(Beginning of SOURCE DATA)
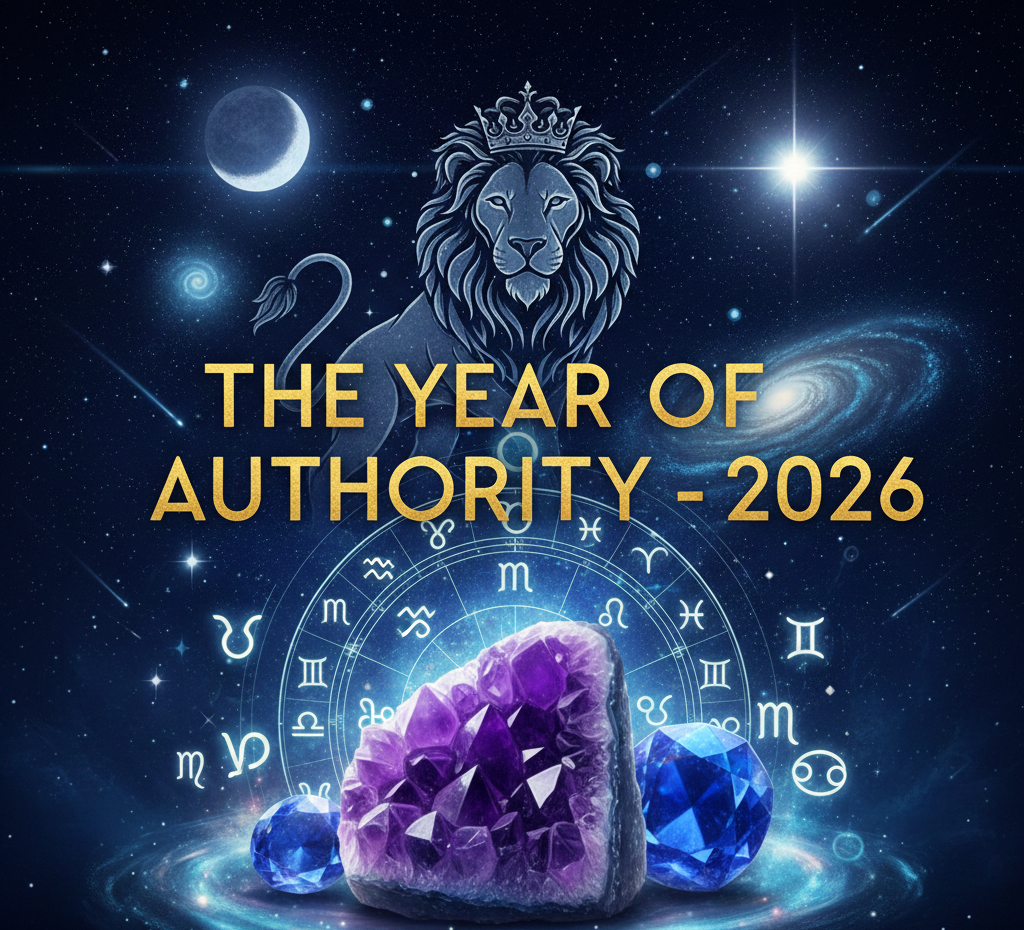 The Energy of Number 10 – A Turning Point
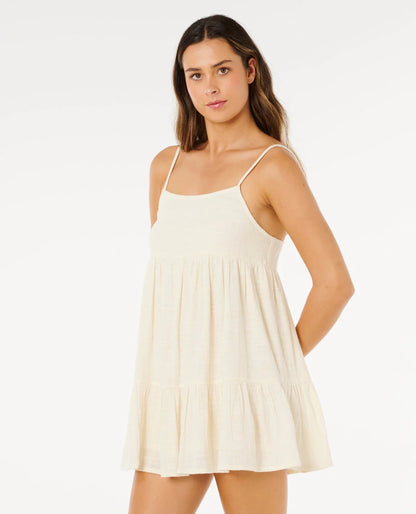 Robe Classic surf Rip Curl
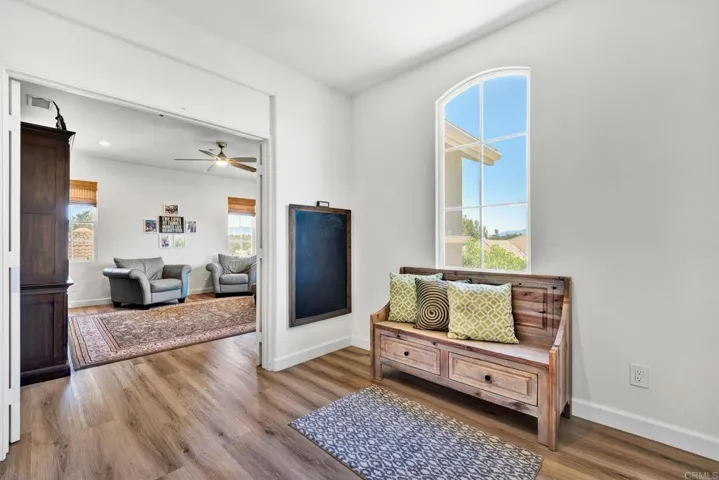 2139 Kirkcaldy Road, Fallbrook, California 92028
(End of SOURCE DATA)
(Beginning of SOURCE DATA)
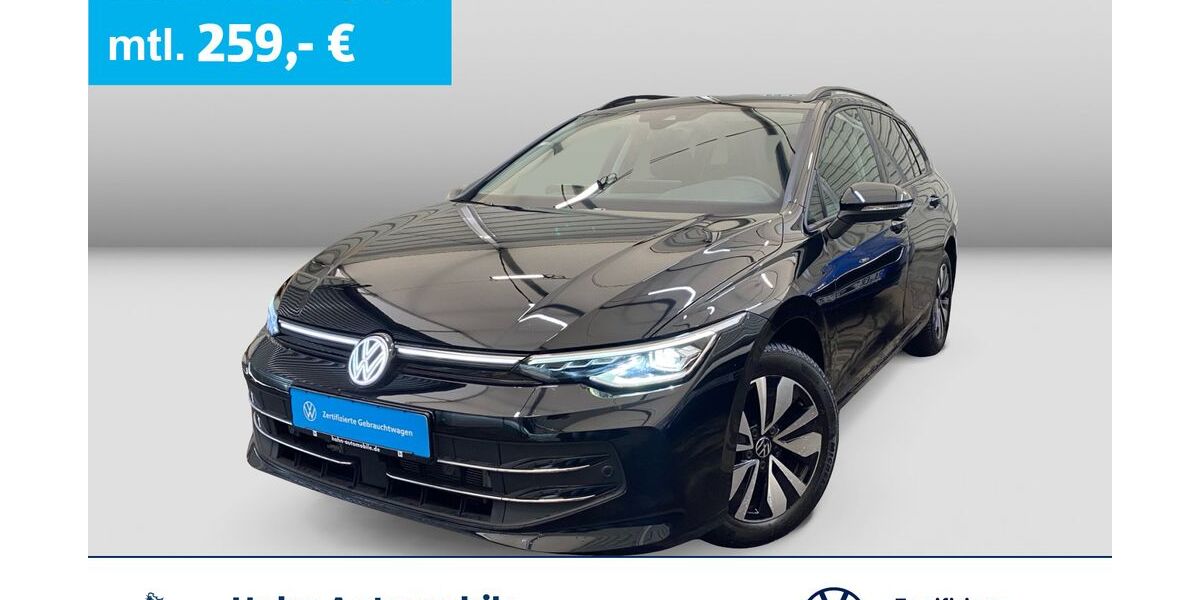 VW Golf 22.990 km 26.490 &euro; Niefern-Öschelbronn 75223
(End of SOURCE DATA)
• **YOUR OBJECTIVE**
Give back the exact lines above, running from the one that has "Robe Classic surf Rip Curl" through the one that has "2139 Kirkcaldy Road, Fallbrook, California", with nothing added and no pictures.

• **ANSWER TO THIS PROBLEM**
 Robe Classic surf Rip Curl
 2139 Kirkcaldy Road, Fallbrook, California 92028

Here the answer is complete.